**WORK REQUEST:** In the following listing, find the lines containing "Stock" and report them.

**SOURCE MATERIAL:**

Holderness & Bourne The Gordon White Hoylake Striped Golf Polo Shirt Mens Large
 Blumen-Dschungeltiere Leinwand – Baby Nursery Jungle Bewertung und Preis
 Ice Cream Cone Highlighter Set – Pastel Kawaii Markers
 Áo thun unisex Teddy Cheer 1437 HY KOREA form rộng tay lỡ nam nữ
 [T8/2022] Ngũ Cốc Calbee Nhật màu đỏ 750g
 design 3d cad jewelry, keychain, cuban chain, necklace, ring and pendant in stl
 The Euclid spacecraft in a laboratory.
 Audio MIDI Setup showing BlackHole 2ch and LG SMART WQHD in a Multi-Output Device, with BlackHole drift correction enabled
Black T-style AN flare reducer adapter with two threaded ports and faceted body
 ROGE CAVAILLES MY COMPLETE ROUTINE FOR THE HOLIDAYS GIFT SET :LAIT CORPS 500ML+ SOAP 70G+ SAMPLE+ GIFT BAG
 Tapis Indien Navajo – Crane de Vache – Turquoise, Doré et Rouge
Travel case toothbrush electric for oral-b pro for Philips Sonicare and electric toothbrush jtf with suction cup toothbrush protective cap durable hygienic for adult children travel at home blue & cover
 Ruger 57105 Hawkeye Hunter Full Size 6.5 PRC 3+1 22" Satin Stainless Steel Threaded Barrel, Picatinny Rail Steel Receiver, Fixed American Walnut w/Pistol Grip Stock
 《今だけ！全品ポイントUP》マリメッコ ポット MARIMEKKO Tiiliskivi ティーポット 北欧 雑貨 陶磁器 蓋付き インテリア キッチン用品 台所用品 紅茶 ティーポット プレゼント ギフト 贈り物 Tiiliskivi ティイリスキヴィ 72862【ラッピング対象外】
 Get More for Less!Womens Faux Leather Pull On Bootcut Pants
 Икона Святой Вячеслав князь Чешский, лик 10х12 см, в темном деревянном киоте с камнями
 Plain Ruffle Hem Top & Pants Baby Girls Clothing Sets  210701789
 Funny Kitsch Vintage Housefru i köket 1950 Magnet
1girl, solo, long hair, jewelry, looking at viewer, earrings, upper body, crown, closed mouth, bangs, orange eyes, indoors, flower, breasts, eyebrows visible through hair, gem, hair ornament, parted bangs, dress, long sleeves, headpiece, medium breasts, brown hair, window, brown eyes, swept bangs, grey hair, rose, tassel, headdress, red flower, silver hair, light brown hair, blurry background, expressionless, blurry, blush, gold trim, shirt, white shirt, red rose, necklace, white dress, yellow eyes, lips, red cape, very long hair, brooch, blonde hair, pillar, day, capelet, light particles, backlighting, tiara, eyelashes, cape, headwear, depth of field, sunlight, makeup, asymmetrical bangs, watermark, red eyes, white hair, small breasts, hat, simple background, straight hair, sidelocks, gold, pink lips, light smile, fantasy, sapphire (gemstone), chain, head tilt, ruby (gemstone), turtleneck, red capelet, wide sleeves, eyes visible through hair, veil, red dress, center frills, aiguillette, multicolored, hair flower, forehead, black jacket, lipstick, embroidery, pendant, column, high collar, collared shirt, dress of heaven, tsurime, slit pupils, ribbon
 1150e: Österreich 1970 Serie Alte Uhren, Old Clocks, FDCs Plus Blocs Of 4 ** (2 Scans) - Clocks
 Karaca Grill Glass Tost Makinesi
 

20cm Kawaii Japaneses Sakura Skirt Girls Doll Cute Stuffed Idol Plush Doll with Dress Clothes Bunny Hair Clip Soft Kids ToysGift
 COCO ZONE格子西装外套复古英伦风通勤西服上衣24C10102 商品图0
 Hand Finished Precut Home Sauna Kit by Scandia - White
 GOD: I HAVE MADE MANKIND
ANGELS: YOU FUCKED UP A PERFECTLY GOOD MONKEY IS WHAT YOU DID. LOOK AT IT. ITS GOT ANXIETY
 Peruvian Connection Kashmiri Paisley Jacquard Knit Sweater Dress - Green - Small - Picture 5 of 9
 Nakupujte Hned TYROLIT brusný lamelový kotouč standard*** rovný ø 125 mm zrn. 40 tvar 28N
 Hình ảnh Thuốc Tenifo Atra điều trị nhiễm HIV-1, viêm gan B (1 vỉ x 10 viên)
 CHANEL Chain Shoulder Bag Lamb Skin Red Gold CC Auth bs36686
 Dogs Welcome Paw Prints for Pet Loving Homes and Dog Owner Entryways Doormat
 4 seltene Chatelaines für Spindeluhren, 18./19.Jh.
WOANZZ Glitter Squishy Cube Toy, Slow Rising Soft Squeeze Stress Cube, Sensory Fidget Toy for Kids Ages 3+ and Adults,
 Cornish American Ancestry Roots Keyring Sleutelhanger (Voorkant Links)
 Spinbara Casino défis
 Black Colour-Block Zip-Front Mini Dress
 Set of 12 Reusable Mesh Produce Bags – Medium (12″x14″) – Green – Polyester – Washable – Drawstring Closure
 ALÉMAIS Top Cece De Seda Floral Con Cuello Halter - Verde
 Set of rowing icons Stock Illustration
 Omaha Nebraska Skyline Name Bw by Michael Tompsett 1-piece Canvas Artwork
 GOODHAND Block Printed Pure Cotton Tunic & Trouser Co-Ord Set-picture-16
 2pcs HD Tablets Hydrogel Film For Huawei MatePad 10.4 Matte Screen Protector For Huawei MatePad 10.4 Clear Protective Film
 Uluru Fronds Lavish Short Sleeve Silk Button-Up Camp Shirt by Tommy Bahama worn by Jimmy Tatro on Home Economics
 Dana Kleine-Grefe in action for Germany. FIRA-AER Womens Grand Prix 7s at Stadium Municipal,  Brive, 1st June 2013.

**ANSWER BOX:**
 Ruger 57105 Hawkeye Hunter Full Size 6.5 PRC 3+1 22" Satin Stainless Steel Threaded Barrel, Picatinny Rail Steel Receiver, Fixed American Walnut w/Pistol Grip Stock
 Set of rowing icons Stock Illustration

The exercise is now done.